The one significant shortcoming of the essay collection, which, as a whole, is a lively and successful dressing-down of photographic elitism and gatekeeping, is its American-centric examples. Aside from the essay “Framing Landscape Photography,” and its foray into European photography, the remaining eleven chapters are decidedly U.S.-bound. If we are to use Solomon-Godeau’s collection as a codebook through which the vagaries of photography and its “genre-ification” might become decipherable, it is only fitting to seek more representative and transnational case studies. Examination of artists such as Guy Bourdin or Hannah Höch, particularly the latter’s Dadaist influences and interest in gender deconstruction, would have coupled well with the essays on Francesca Woodman elsewhere in the collection. As both Höch and Woodman are interested in destabilizing female identity through attention to form and shape, using collage and long-exposures respectively to disrupt gendered gaze, a wider focus may have proven fruitful.
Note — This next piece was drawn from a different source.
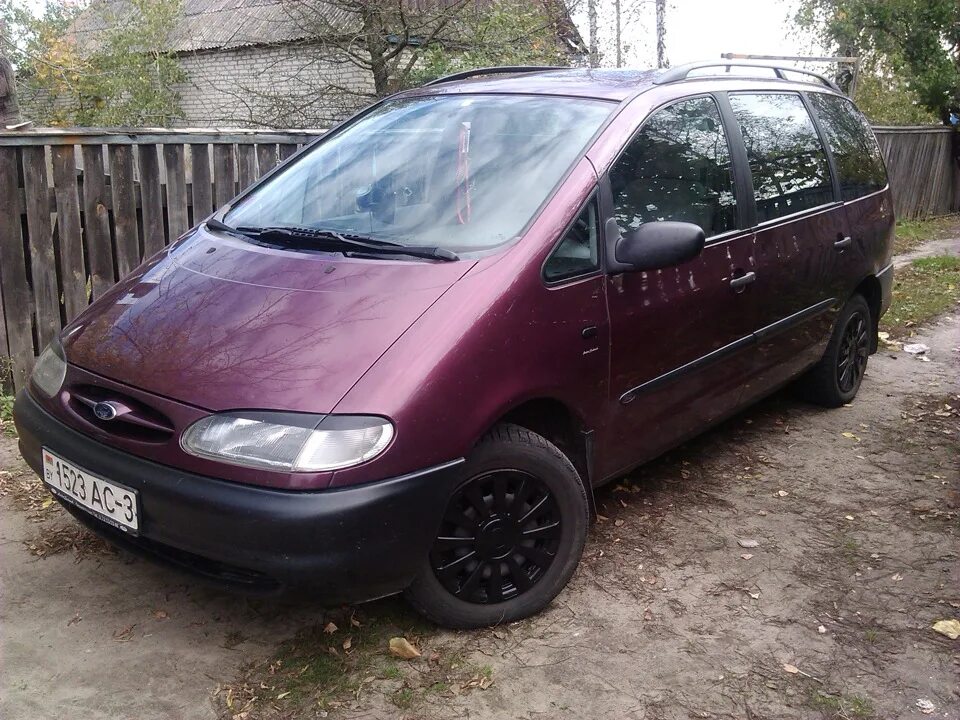Форд галакси 1998. Ford galaxy mk2. Форд галакси 1997 года. Ford galaxy 2003 год. Ford galaxy 1998.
With that said, Solomon-Godeau’s essays are lucid and make for captivating reading. Continuing the interrogative mode established in her earlier publications such Photography at the Dock (1994) and its unpicking of photographic hegemony, it is fitting for Solomon-Godeau to present a collection that spans such a broad range of topics in a manner that is cohesive, challenging, and attentive to photography’s complex formal and cultural history. In her own writings on the medium, Paula Rabinowitz notes that “the age of photography corresponds precisely to the explosion of the private into the public,” and it is this very tension that Solomon-Godeau adroitly considers across this new collection.2 Photography, forever the apparent freshman to painting and “high” visual culture, is championed by Solomon-Godeau as the defining medium of our time. We see reflected in the works of Woodman, Callahan, Maier and others our unyielding gaze toward the ostensibly taboo, forever seeking to penetrate the hidden and private worlds around us and to bring them more clearly into view.